Epidermal growth factor receptor-tyrosine kinase inhibitor (EGFR-TKI) is effective in patients with activating EGFR mutations, and median time to progression in such patients is generally up to 12 months. Usually, treatment with EGFR-TKI is terminated when disease progression ( PD) is confirmed, while acute exacerbation after the withdrawal of EGFR-TKI has been reported. To investigate current clinical management beyond PD with gefitinib, multicenter survey was conducted in Japan.

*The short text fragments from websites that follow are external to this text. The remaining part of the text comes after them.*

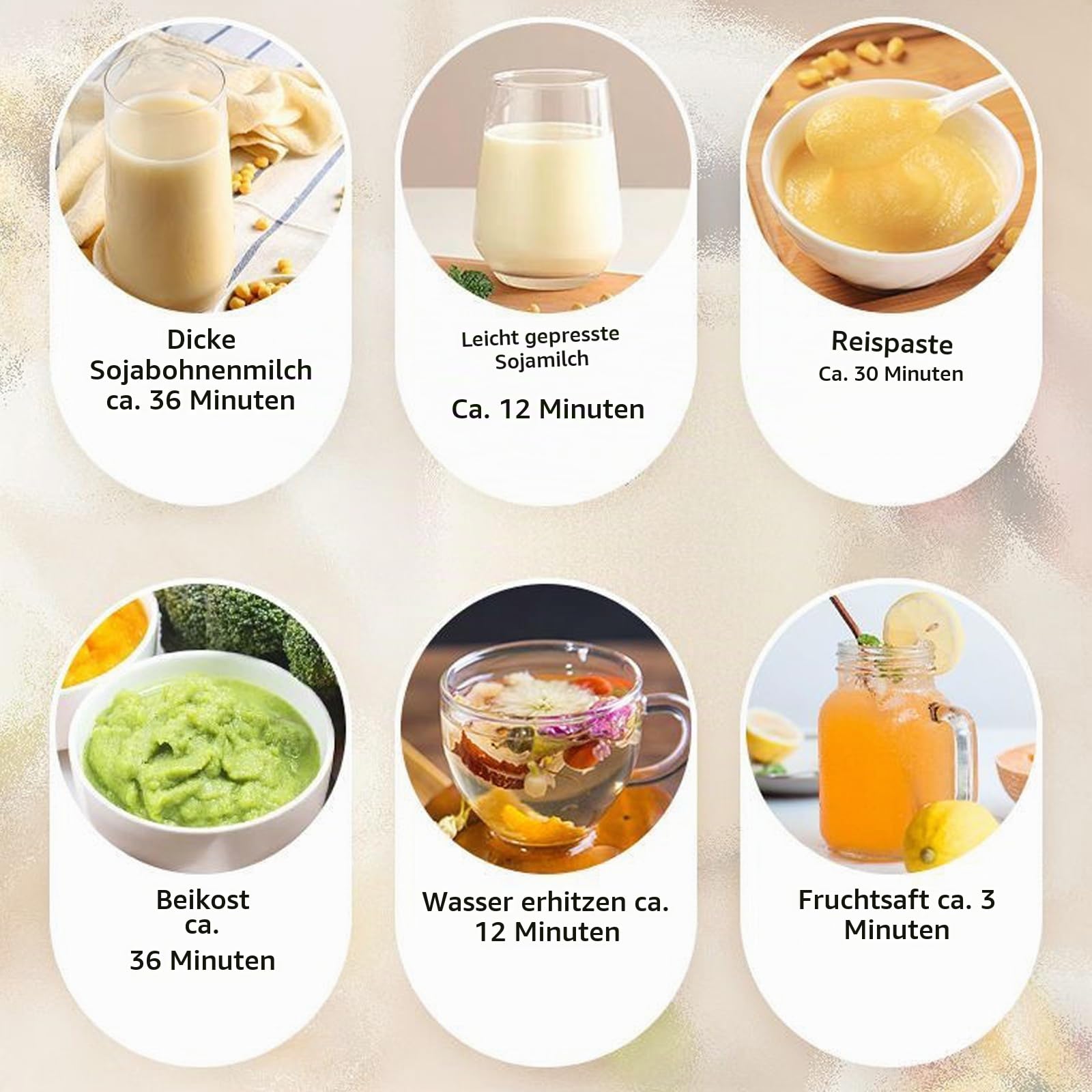 8-in-1 Sojamilch Maschine, Kuhmilchbereiter, Sojamilch Hersteller, Nussmilchmaschine mit 304 Edelstahl, Automatische Sojamilchbereiter, Pflanzenmilchbereiter, Touchscreen, Selbstreinigend (Weiß)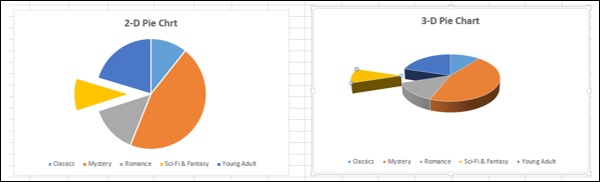 two three d chart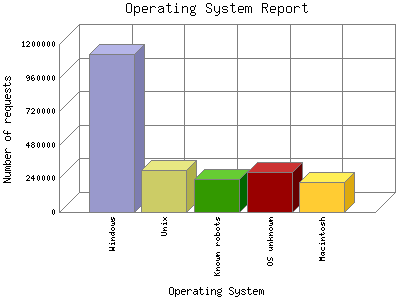 Operating System Report: Number of requests by Operating System.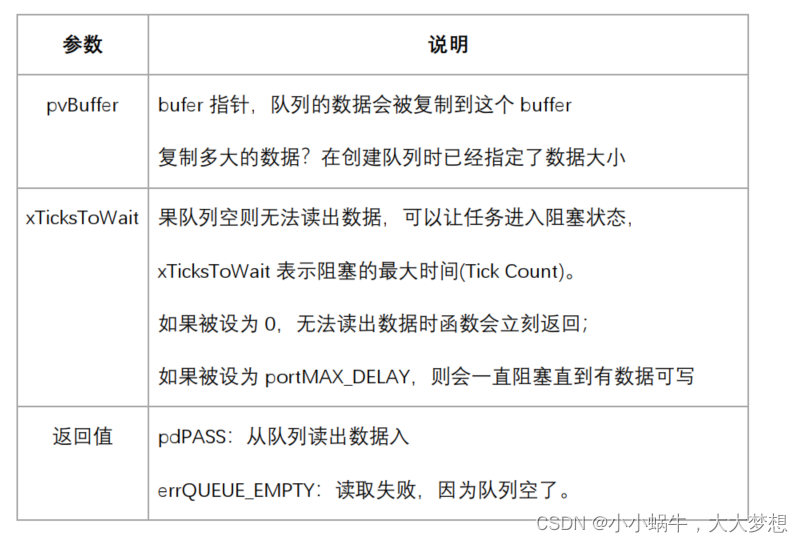  FreeRTOS队列（queue）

All patients with EGFR mutation-positive non-small cell lung lancer confirmed PD in the treatment of gefitinib in 2010, were included in this survey to evaluate patients characteristics, progression free survival and overall survival with gefitinib, selection of regimen beyond PD, and response rate.


From the six participating institute, 64 cases (median age 69 years old, exon19 in 37 cases, exon18 in 25 cases, another type in 4 cases respectively) had been enrolled. Gefitinib has been used as first line in 35 cases, as second line in 25 cases, as 3rd line or more in 6 cases. Progression free survival was 13 months, and overall survival was 33 months. In PFS and OS, there is no difference between first line and second line use with gefitinib. Response rate shows good efficacy in patients with good performance status. Beyond PD, gefitinib administration was continued in 9 cases (including additional combined therapy in 4 cases), and erlotinib was switched in 15 cases while platinum doublet in 2 cases, another monotherapy in 19 cases respectively. Response rate was shown 22.2% in gefitinib, 26.7% in erlotinib even beyond PD.


In the patients with active EGFR mutation, it is confirmed that antitumor effectiveness is recognized in patients who continues to be treated under EGFR-TKI after progression of gefitinib.


All authors have declared no conflicts of interest.